The global excitement about electric cars is facing a test in New York today. So far, it’s off to a bumpy start.
China’s NIO Inc., which seeks to take on the likes of Tesla Inc., starts trading on the New York stock exchange after raising about $1 billion selling American depositary shares at $6.26 apiece. The electric-car maker, backed by Tencent Holdings Ltd., priced the stock near the low end of its offering amid the tumult in Tesla shares, a global trade war and investor qualms over its manufacturing capabilities and profitability.
The shares opened in New York trading at $6 and quickly dropped as low as $5.35 before rebounding. The shares traded at $6 again at 10:51 a.m.
The sale, which initially valued NIO at about $6.4 billion, will test investor appetite for electric-car makers vying to become a homegrown answer to Tesla in China, where government incentives have helped the country become the world’s biggest market for clean-energy vehicles. The IPO may also be a bellwether for a clutch of Chinese startups such as Byton and Xpeng Motors Technology Ltd., which intend to compete with BMW AG, Daimler AG in convincing customers to switch to battery-powered cars.
“We’re optimistic about the prospects of domestic electric-vehicle manufacturers,” said Xu Dalai, chief executive officer of Shunwei Capital Ltd., an early investor in NIO. “We believe there are chances for startups to change and disrupt the whole industry with technologies. China will see its own batch of unicorn companies standing out. NIO is among them.”
The offering was led by banks including Morgan Stanley, Goldman Sachs Group Inc. and JPMorgan Chase & Co., which have an option to buy 24 million additional shares to cover over-allotments. The shares will trade on the New York Stock Exchange under the symbol NIO.
By going public, NIO is set to attract the same type of intense scrutiny that Elon Musk’s company faces as investors seek proof that it has the manufacturing capacity to deliver on its promises. NIO had delivered fewer than 2,000 vehicles ever up until its IPO filing.
The company is ramping up production of the ES8 SUV, its first commercial product, at a partner’s plant in the eastern city of Hefei. Founder William Li has pledged to deliver 10,000 vehicles to customers by year’s end. NIO needs to sell about 100,000 vehicles a year to break even, according to estimates by Sanford C. Bernstein & Co.
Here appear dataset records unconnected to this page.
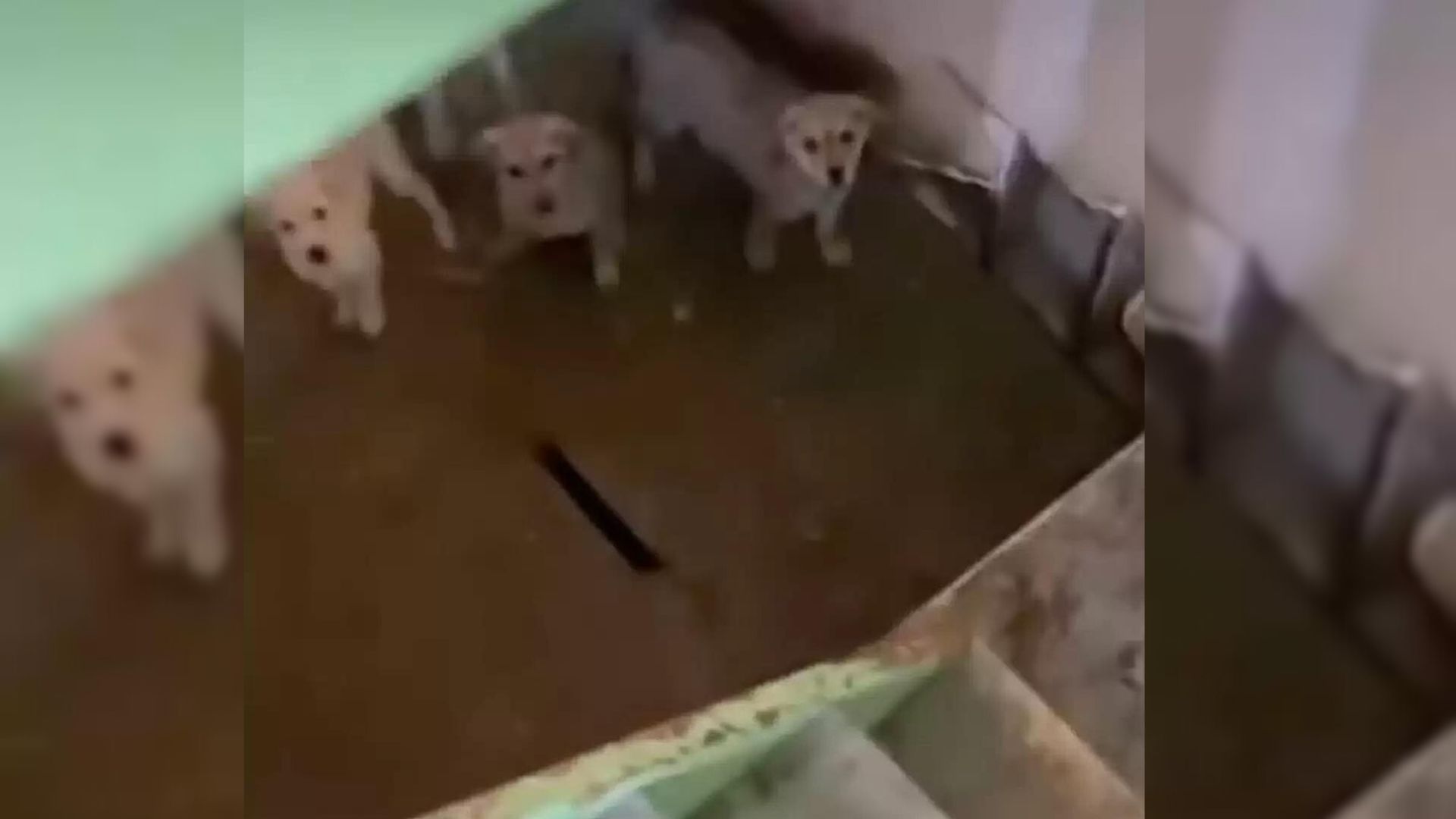 11 Puppies Saved From Terrible Conditions In A Basement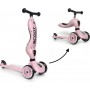 Scoot &amp Ride Highwaykick 1 96270 Rose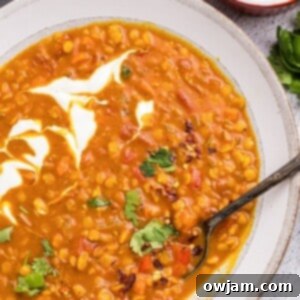 Simple Satisfying Red Lentil Dahl 12 Easy Red Lentil Dahl Recipe with spoon in a bowl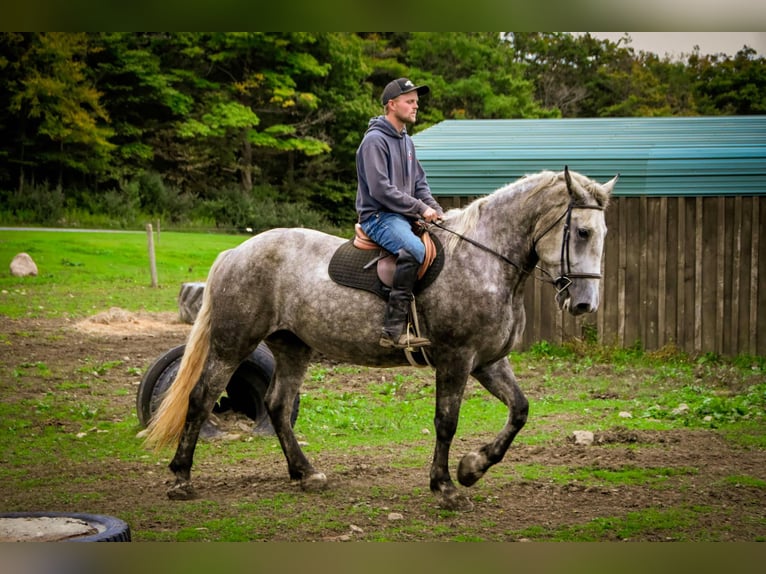 Percheron Mare 5 years Grey in Warsaw NY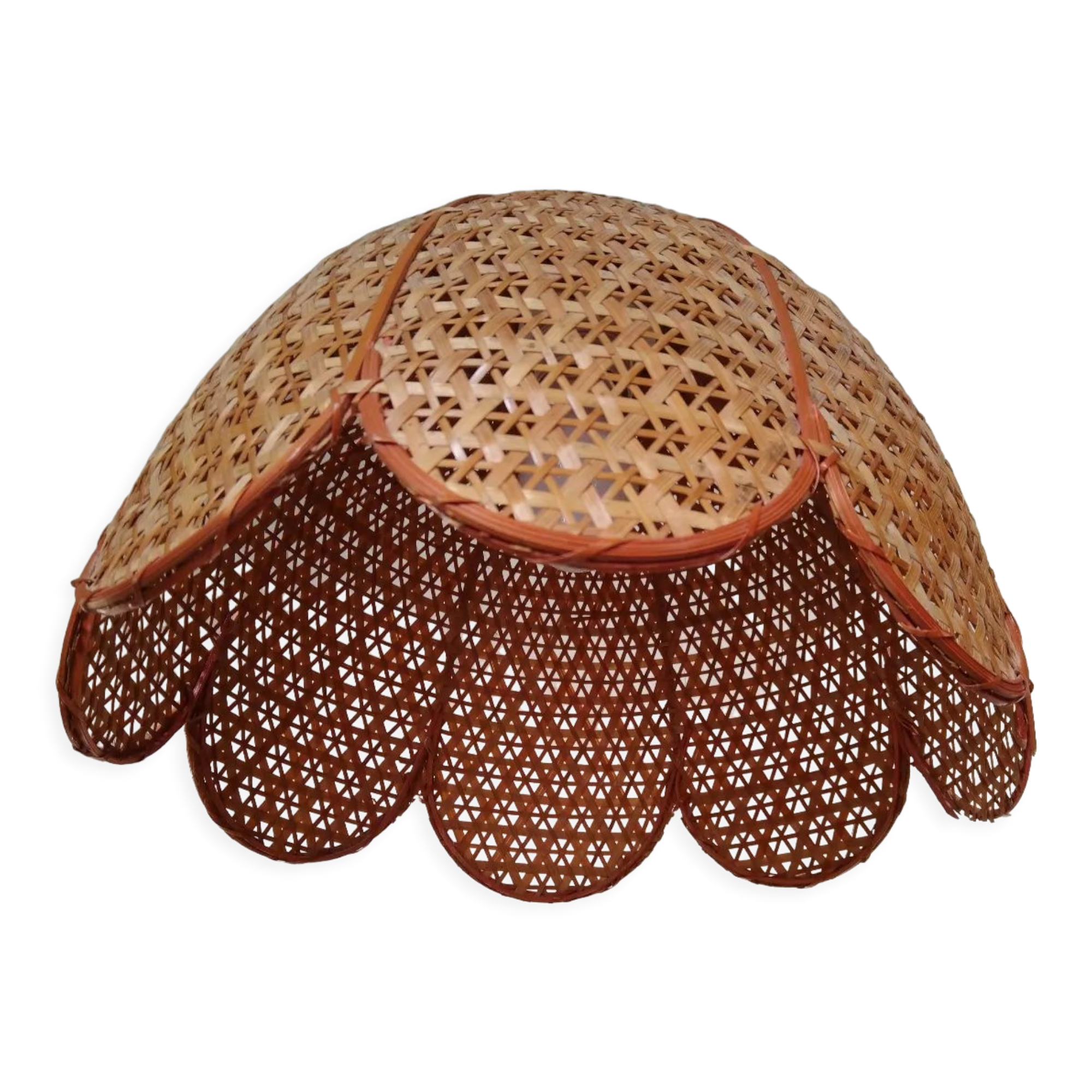 Rattan flower suspension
Like many peers, NIO hasn’t secured an EV manufacturing license from regulators, so it tapped Anhui Jianghuai Automobile Group to build its cars. That allowed NIO to start manufacturing while working to build a facility in Shanghai, but it also means many production-related hurdles are beyond its control. Anhui Jianghuai works with other carmakers and also has its own ambitions.
In its prospectus, NIO said it expects to receive a manufacturing license in 2-3 years, and that it plans to use about a quarter of its IPO proceeds to help develop production facilities and supply chain.
“For other startups like us in the new economy and high-tech arena, our takeaway from NIO’s IPO is that we need to lay a solid ground for our company and make good product,” said Freeman Shen, founder of competitor WM Motor Technology Co. The company has a team looking into proposals for an IPO in the U.S., Hong Kong or China, Shen said in March.
Based on its current financials, NIO may appear pricey. It has accumulated $1.6 billion in losses since the start of 2016, and only started generating revenue in the first half of this year, bringing in $7 million.
Tesla was valued at less than $2 billion in its 2010 IPO, and now has a market value of $47.7 billion even after this year’s declines.
NIO’s valuation is based on the market’s expected growth. China targets 7 million new-energy vehicles sold by 2025. By 2040, more than half of all new-car sales and a third of the planet’s automobile fleet -- equal to 559 million vehicles -- will be electric, according to a global outlook published by Bloomberg New Energy Finance in May.
“The listing of the 4 year-old NEV maker in China, with no manufacturing license of its own, is a strong sign that investors have tolerant risk appetite for the burgeoning China NEV market,” said Steve Man, an analyst at Bloomberg Intelligence in Hong Kong. “The growth is backed by favorable Chinese policies for the industry.”